[Assignment] The required output is the stretch from the line containing "Gold Aynalı Pleksi" through the line containing "Christmas Mug with Candy Cane and Gingerbread Cookie Christmas" in the records below, unaltered and with no pictures.

◆ ◆ ◆

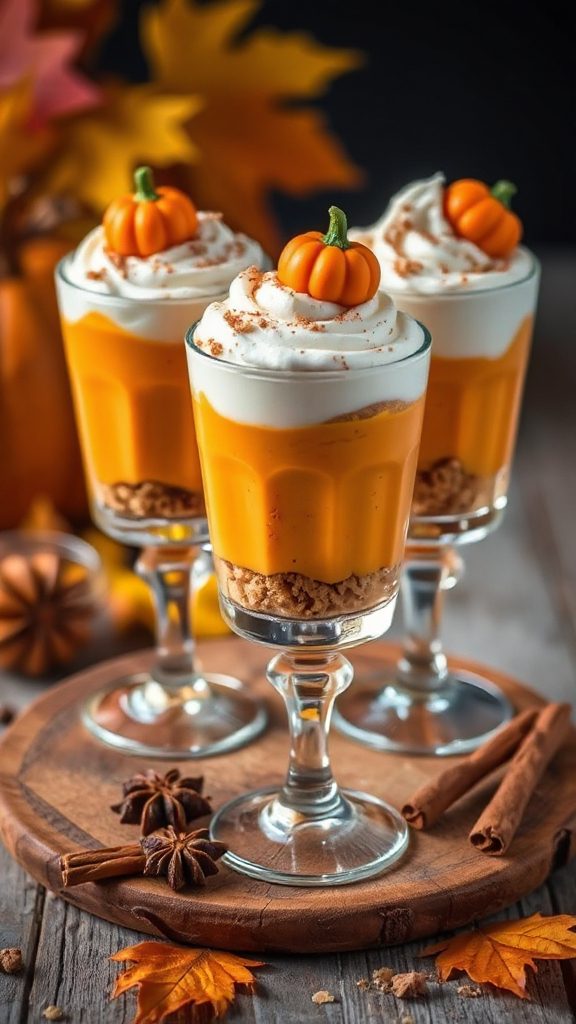 creamy pumpkin mousse parfaits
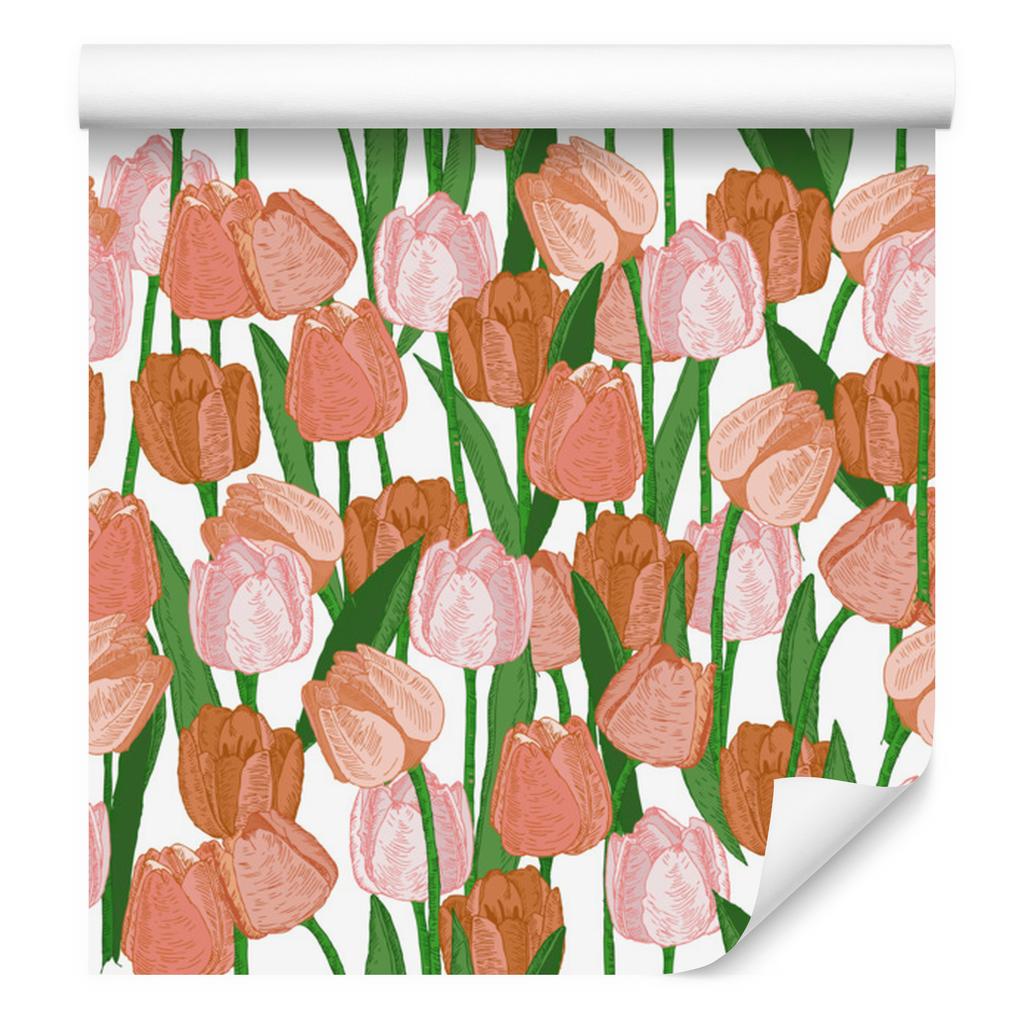 Spring Tulips Vintage Wallpaper for Living Room and Bedroom 50x1000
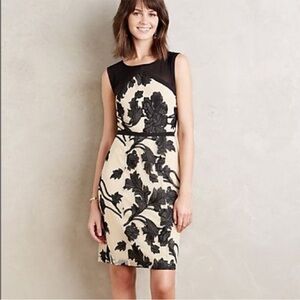 Anthropologie Weston Wear Black and Cream Floral Dress XL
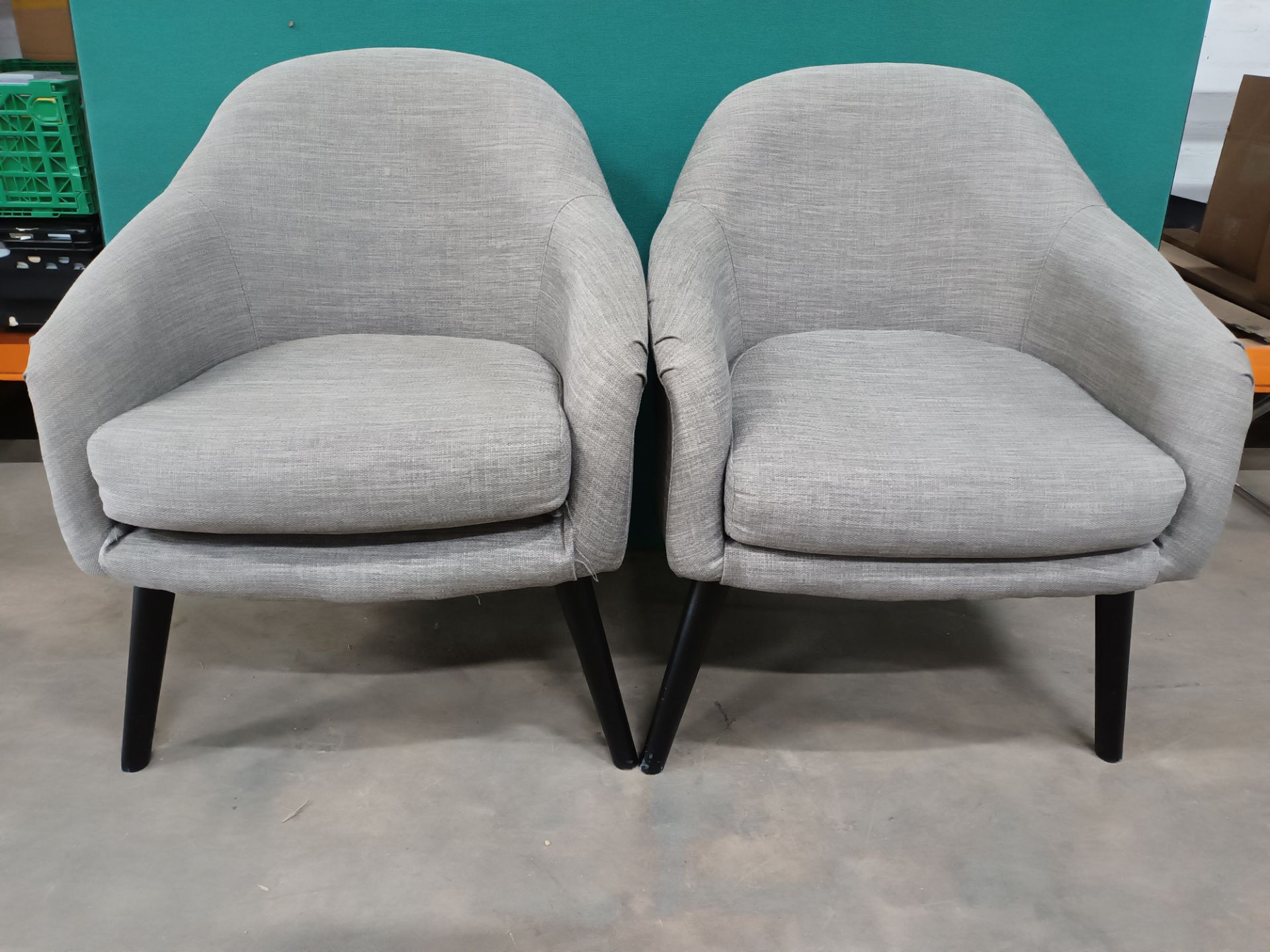2 x Fabric Office Armchairs - Stone Grey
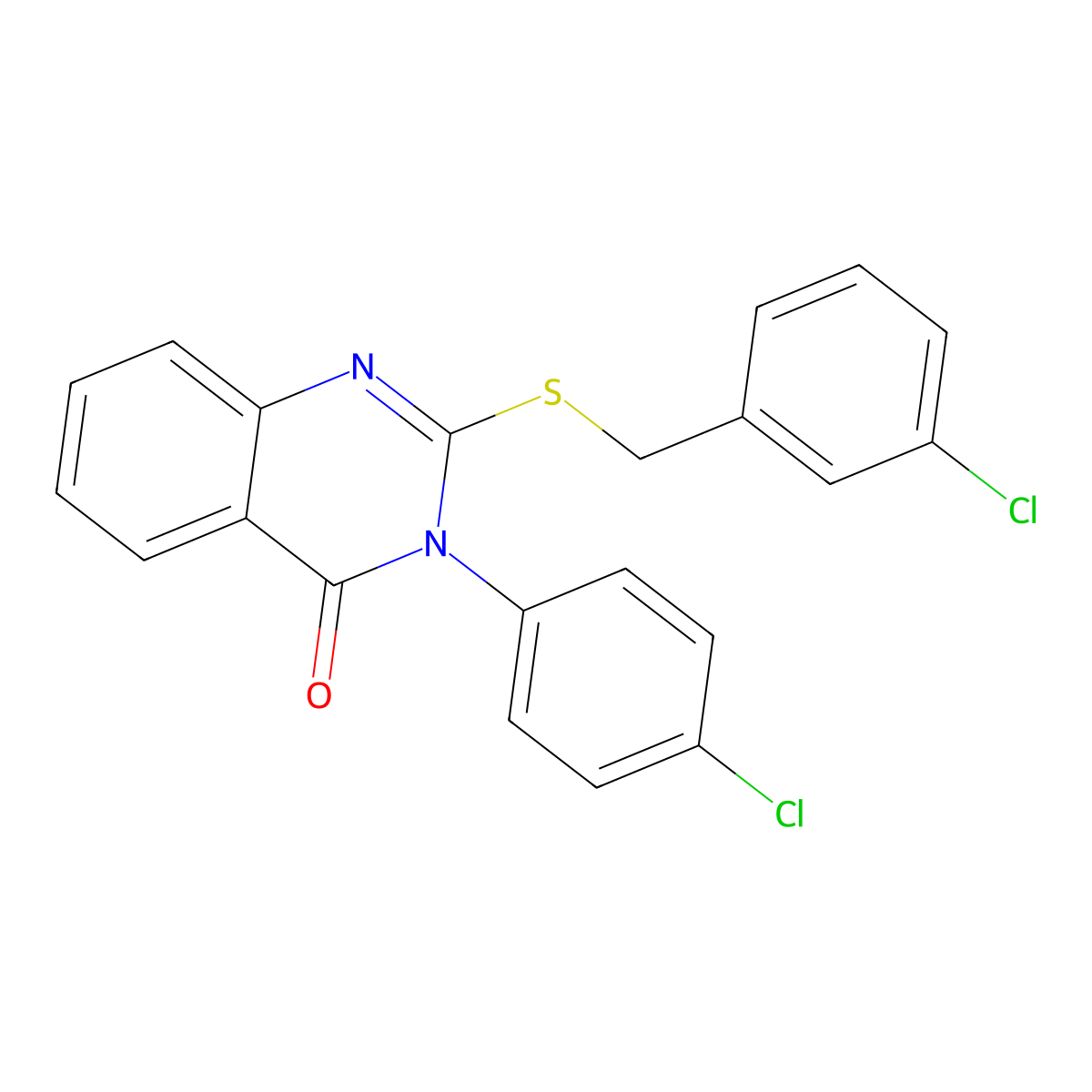 2-((3-Chlorobenzyl)thio)-3-(4-chlorophenyl)-4(3H)-quinazolinone molecular structure, CAS 741718-65-0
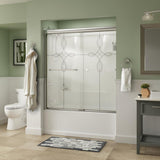 Everly 60 in. x 58-1/8 in. Traditional Semi-Frameless Sliding Bathtub Door in Nickel and 1/4 in. (6mm) Mozaic Glass - Super Arbor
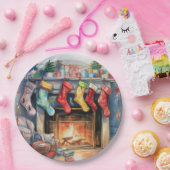 美しい抽象芸術暖炉ストッキング ペーパープレート (パーティー)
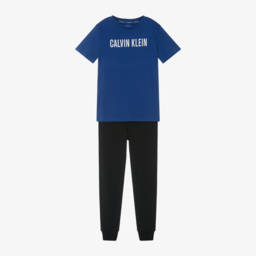 Calvin Klein-بيجاما قطن لون أزرق للأولاد | Childrensalon Outlet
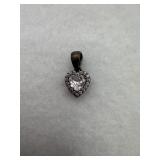 Sterling silver heart pendant with diamond stone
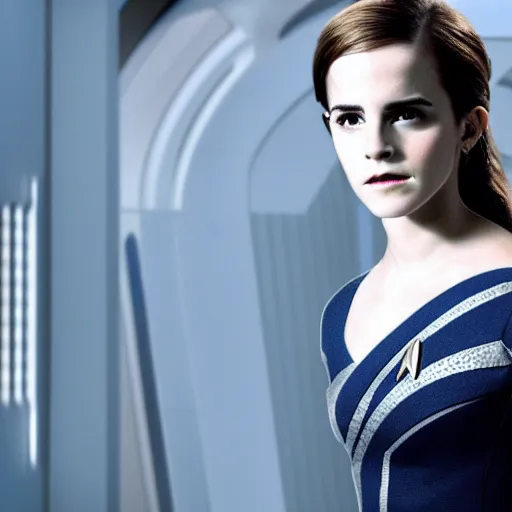 Image similar to Emma Watson in Star Trek, XF IQ4, f/1.4, ISO 200, 1/160s, 8K, Sense of Depth, color and contrast corrected, AI enhanced, Dolby Vision, symmetrical balance, in-frame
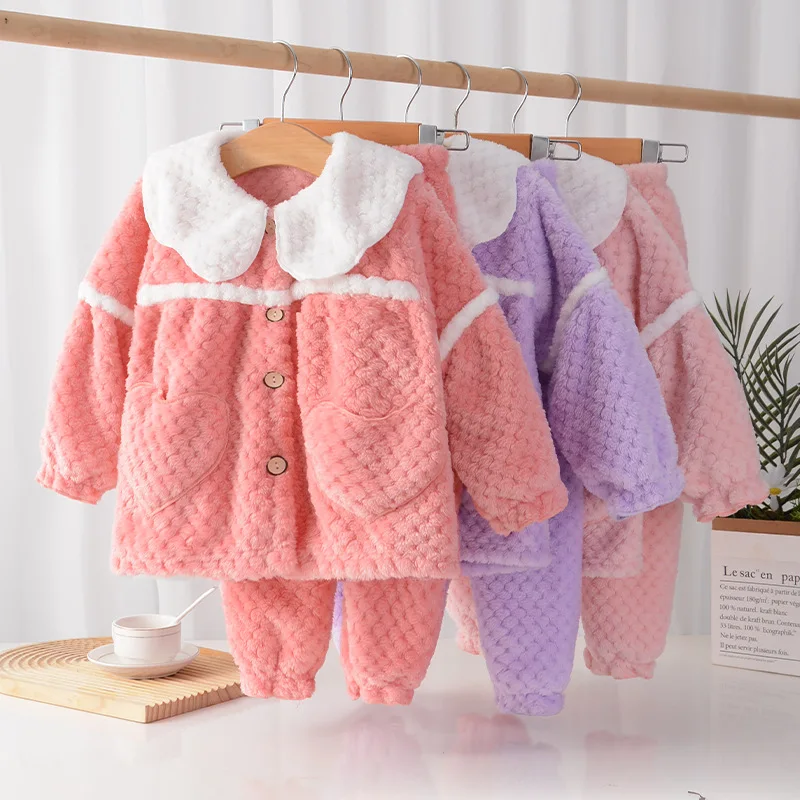 Children's Pajamas Suit Autumn Winter 2024 New Thickened Flannel Princess Pajamas Girls Lapel Warm Home Clothes Suit 2-10Y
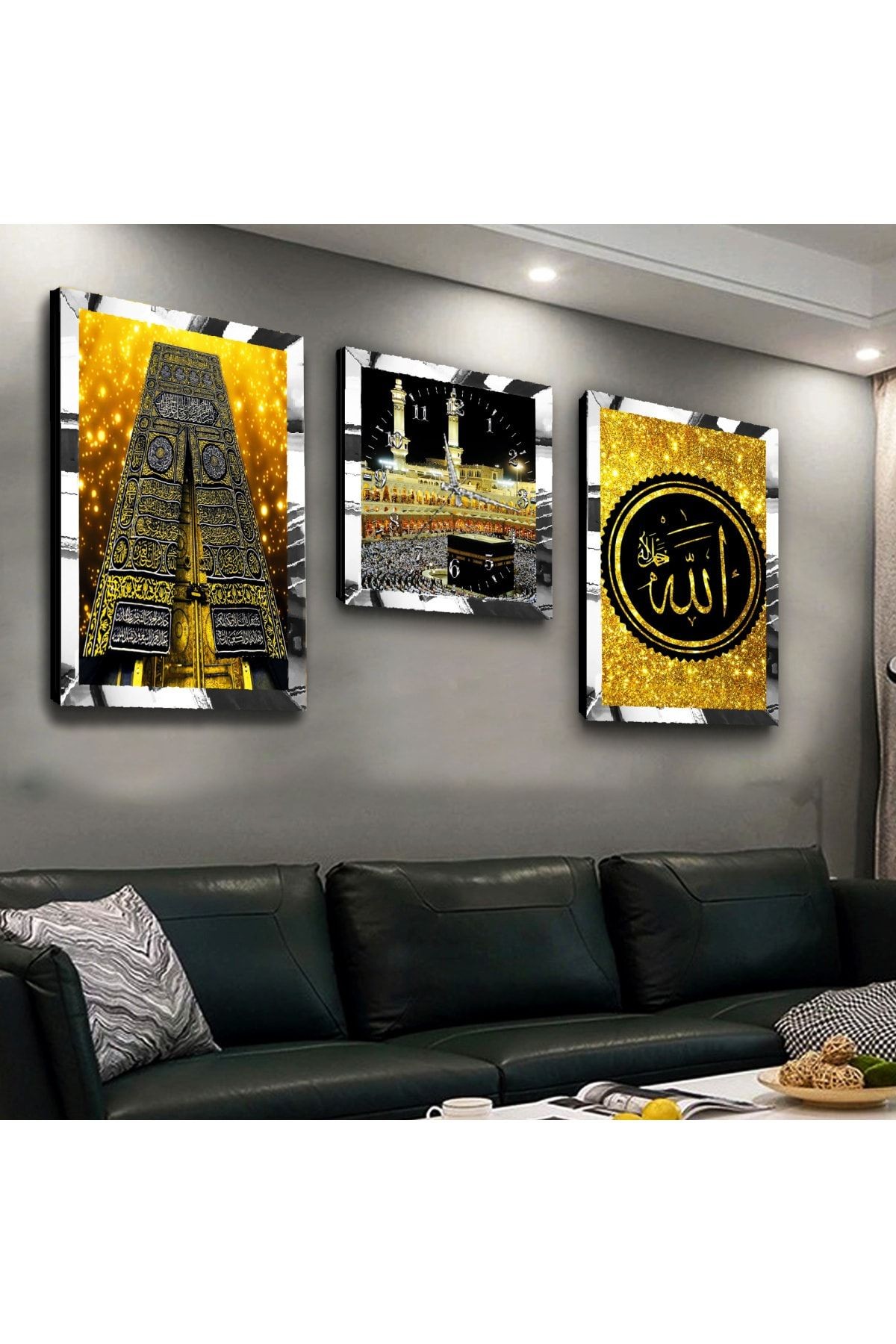 Gold Aynalı Pleksi Çerçeveli Kabe Ve Allah Lafzı Dini Üçlü Mdf Tablo Seti Ve Saat Seti
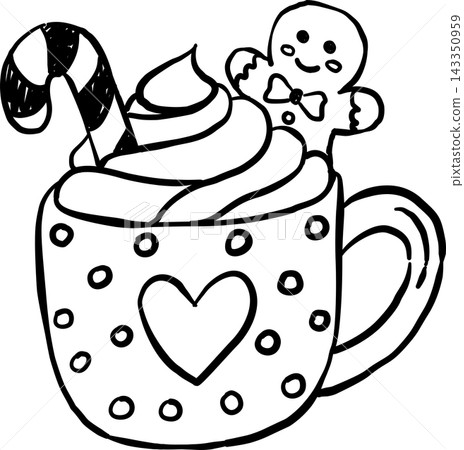 Christmas Mug with Candy Cane and Gingerbread Cookie Christmas Mug with Candy Cane and Gingerbread Cookie 143350959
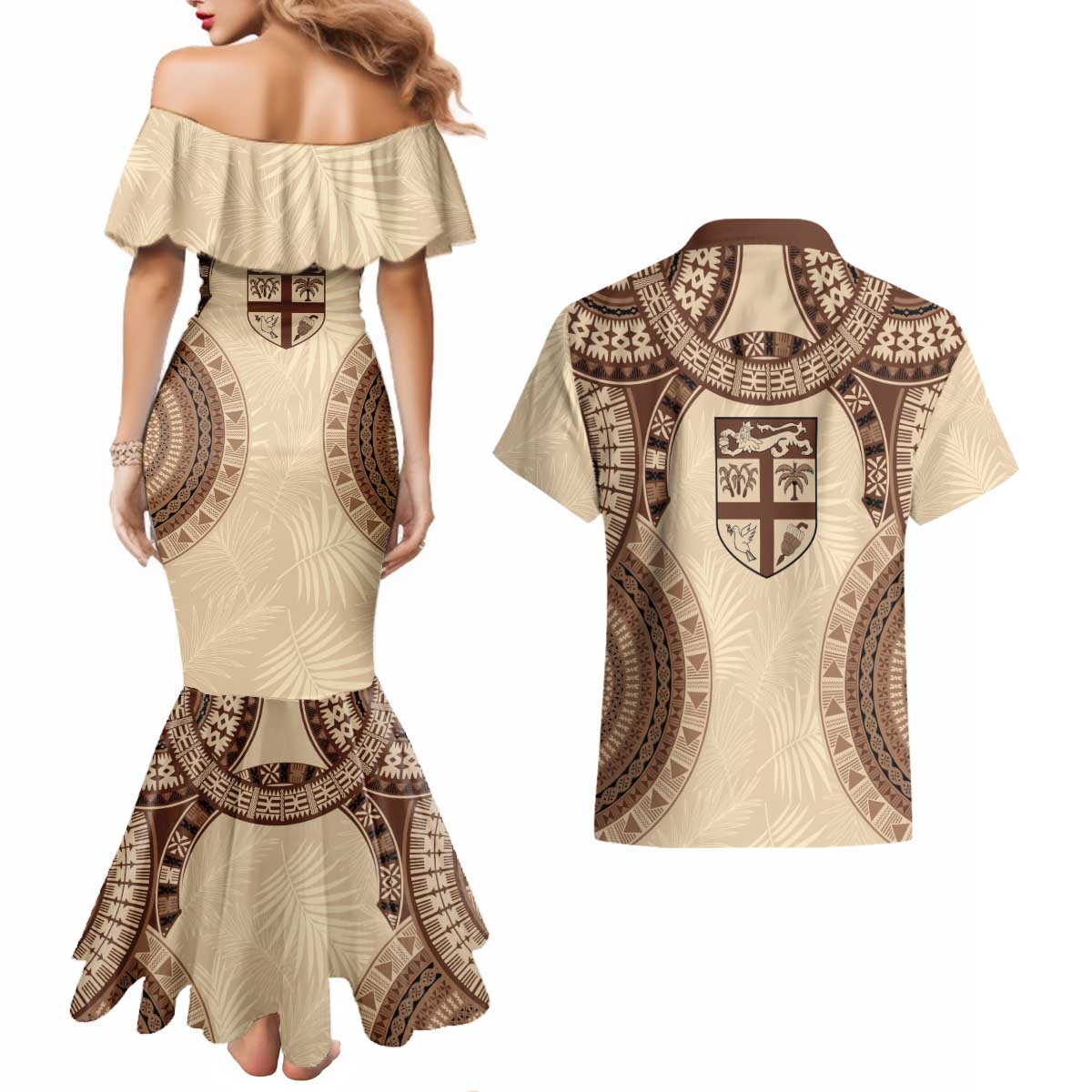 Bula Fiji Day 55th Anniversary Masi Tapa Couples Matching Mermaid Dress and Hawaiian Shirt Emerald Jubilee - Beige LT7 - Polynesian Pride
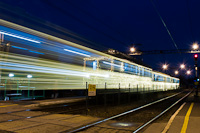 The MV-HV LVII. 83 seen at Budakalsz as illuminated Christmas suburban train at the blue hour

◆ ◆ ◆

[Result of the exercise]
 Gold Aynalı Pleksi Çerçeveli Kabe Ve Allah Lafzı Dini Üçlü Mdf Tablo Seti Ve Saat Seti
 Christmas Mug with Candy Cane and Gingerbread Cookie Christmas Mug with Candy Cane and Gingerbread Cookie 143350959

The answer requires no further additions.